March 11, 2021, 07:10 AM
Filed Under: Environmental Services

Harsco Corporation amended its existing senior secured credit agreement by completing a new term loan B facility (the “New Term Loan”) of $500.0 million and extending the maturity of the existing $700.0 million revolving credit facility thereunder (the “Revolving Credit Facility”).

For the Amendment in connection with the New Term Loan, Goldman Sachs Bank USA, Citigroup Global Markets Inc., BMO Capital Markets Corp., BOFA Securities, Inc., HSBC Securities (USA) Inc., RBC Capital Markets/Royal Bank of Canada, PNC Capital Markets LLC, and Fifth Third Bank, have acted as joint bookrunners and joint lead arrangers.

The New Term Loan, which was over-subscribed, bears interest at a rate per annum of 2.25% over LIBOR, subject to a 0.50% floor. The New Term Loan has quarterly principal amortizations of .25% beginning in September 2021 and matures on March 10, 2028. The proceeds of the New Term Loan were applied to (a) repay in full the outstanding term loan A and term loan B under the Credit Facility, and (b) pay related transaction fees and expenses.

At the same time, the Company’s Revolving Credit Facility was extended from June 28, 2024 to March 10, 2026 with favorable covenant modifications. Specifically, the total net leverage ratio covenant under the facility, currently capped at 5.75x of consolidated adjusted EBITDA, will remain so through the end of 2021. The Revolving Credit Facility bears interest at a rate, depending on total net leverage, ranging from 150 to 250 basis points over LIBOR.

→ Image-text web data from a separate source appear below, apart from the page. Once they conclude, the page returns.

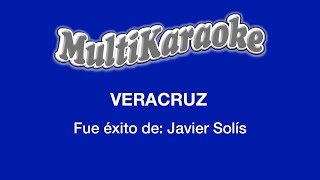 Veracruz  Multikaraoke  Fue Éxito de Javier Solís [upl. by Cohligan]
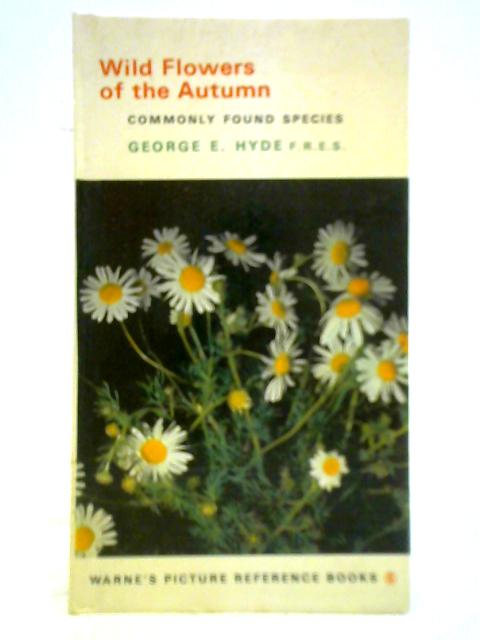 Wild Flowers of the Autumn von George E. Hyde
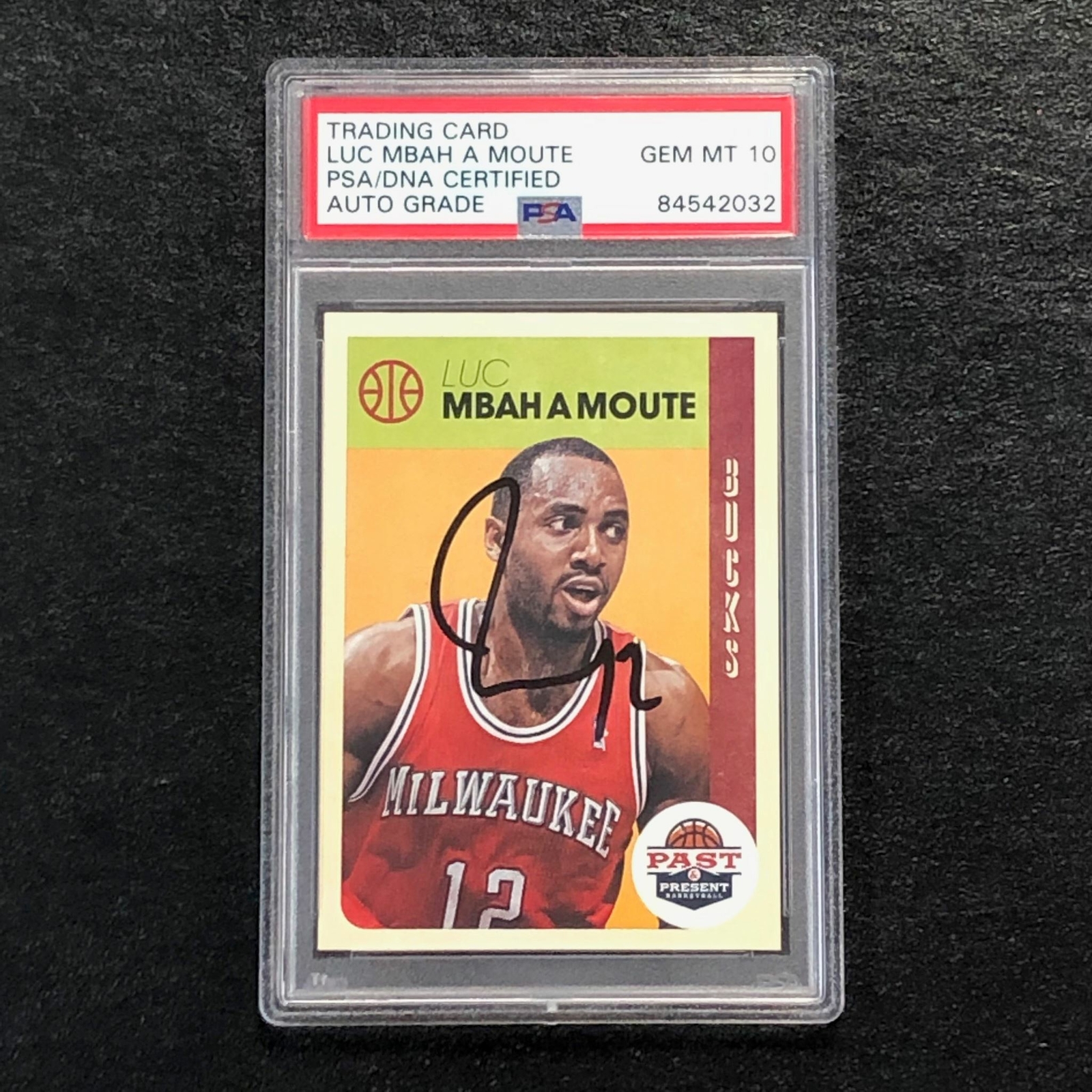 2012-13 Panini Past and Present #15 Luc Mbah a Moute Signed Card AUTO 10 PSA Sla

“We are extremely pleased to complete the New Term Loan and amendment, which further improves our financial flexibility,” said Pete Minan, Senior Vice President and Chief Financial Officer. “This transaction strengthens Harsco’s financial position by extending the maturity profile of our debt while lowering our cash interest costs. Investor support for this amendment was very positive and reflects the positive trends within our business and our initiatives to strengthen cash flow and reduce leverage over the next year. I am also very grateful for the overwhelming support of our bank group.”